León XIV inicia una histórica visita a Camerún en medio de una tregua por la guerra civil
Grupos separatistas anunciaron un alto el fuego temporal para garantizar la seguridad durante la visita del pontífice, que incluye un llamado a la paz en una de las regiones más afectadas por el conflicto.

Una tregua excepcional
La llegada del pontífice se produce en un contexto complejo para Camerún, donde desde 2017 se desarrolla un conflicto entre el gobierno central y movimientos separatistas de las regiones anglófonas del noroeste y suroeste. La violencia ha dejado miles de víctimas y un elevado número de desplazados internos.
En este escenario, la denominada Alianza por la Unidad —que agrupa a distintos sectores separatistas— anunció una pausa de tres días en los combates. El objetivo, según expresaron en un comunicado, es permitir un “viaje seguro” tanto para el papa como para los fieles que participarán en las actividades religiosas.

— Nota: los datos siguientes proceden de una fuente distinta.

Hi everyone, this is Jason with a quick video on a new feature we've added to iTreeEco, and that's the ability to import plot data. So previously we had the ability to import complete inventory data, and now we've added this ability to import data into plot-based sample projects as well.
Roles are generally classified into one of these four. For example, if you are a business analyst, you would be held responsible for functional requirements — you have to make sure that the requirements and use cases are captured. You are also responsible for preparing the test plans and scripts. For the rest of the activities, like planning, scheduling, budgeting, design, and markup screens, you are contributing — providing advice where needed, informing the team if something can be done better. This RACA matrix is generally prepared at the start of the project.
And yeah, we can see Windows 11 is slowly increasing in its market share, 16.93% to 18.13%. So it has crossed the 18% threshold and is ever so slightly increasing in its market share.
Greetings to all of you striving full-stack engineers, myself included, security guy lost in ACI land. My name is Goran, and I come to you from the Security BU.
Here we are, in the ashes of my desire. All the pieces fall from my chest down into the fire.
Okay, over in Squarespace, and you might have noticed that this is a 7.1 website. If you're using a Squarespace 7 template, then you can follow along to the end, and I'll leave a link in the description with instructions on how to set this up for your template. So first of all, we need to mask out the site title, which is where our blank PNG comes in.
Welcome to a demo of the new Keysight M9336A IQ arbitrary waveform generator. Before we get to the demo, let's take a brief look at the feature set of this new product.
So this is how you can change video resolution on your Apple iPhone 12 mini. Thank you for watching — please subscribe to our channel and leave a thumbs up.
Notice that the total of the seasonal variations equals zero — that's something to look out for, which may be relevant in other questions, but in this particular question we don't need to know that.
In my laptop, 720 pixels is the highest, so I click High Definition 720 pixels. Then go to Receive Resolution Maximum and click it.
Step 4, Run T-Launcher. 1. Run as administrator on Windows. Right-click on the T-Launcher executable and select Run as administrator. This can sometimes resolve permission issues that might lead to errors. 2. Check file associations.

Se trata de un hecho poco frecuente en el marco de este conflicto, que lleva casi una década sin una solución política concreta. La tregua, de carácter limitado, no implica un acuerdo de fondo, pero representa un gesto de distensión en medio de un escenario de violencia persistente.
El conflicto tiene su origen en tensiones históricas entre la mayoría francófona del país y las minorías angloparlantes, que reclaman mayor autonomía o la creación de un Estado independiente. Desde el inicio de la crisis, se estima que más de 6.000 personas murieron y al menos 600.000 debieron abandonar sus hogares.
Agenda papal
La visita de León XIV forma parte de una gira más amplia por África que incluye también a Argelia, Angola y Guinea Ecuatorial. En Camerún, el pontífice tiene previsto desarrollar una agenda centrada en cuestiones sociales, políticas y humanitarias, con énfasis en la paz y la reconciliación.

Entre las actividades más relevantes figura un encuentro con autoridades en la capital, Yaundé, así como una reunión con el presidente Paul Biya, quien se encuentra en el poder desde 1982.
Además, el Papa participará en un “encuentro por la paz” en la ciudad de Bamenda, considerada uno de los epicentros del conflicto separatista. Allí se espera que pronuncie un mensaje orientado a promover el diálogo y la reconciliación entre las partes enfrentadas.
Desde el Vaticano señalaron que la visita también abordará temas como la gobernabilidad, la lucha contra la corrupción y el rol de las instituciones en contextos de crisis. En ese sentido, el viaje busca reforzar la presencia de la Iglesia como actor social en regiones atravesadas por conflictos y desigualdades.

La gira papal se inscribe en una estrategia más amplia que pone el foco en África como un continente clave para el presente y el futuro del catolicismo. En países como Camerún, la Iglesia no solo cumple un rol religioso, sino también social, con presencia en áreas como la educación, la salud y la asistencia comunitaria.
Si bien no se espera que la visita resuelva el conflicto, sí se la considera un gesto simbólico relevante en términos diplomáticos y humanitarios. La tregua anunciada por los separatistas, aunque temporal, refleja el impacto que puede tener la presencia del pontífice en escenarios de tensión.
En este contexto, la visita de León XIV adquiere un valor particular: combina el carácter pastoral con una dimensión política implícita, en la que el llamado a la paz se vuelve central frente a una crisis que continúa sin una salida definitiva.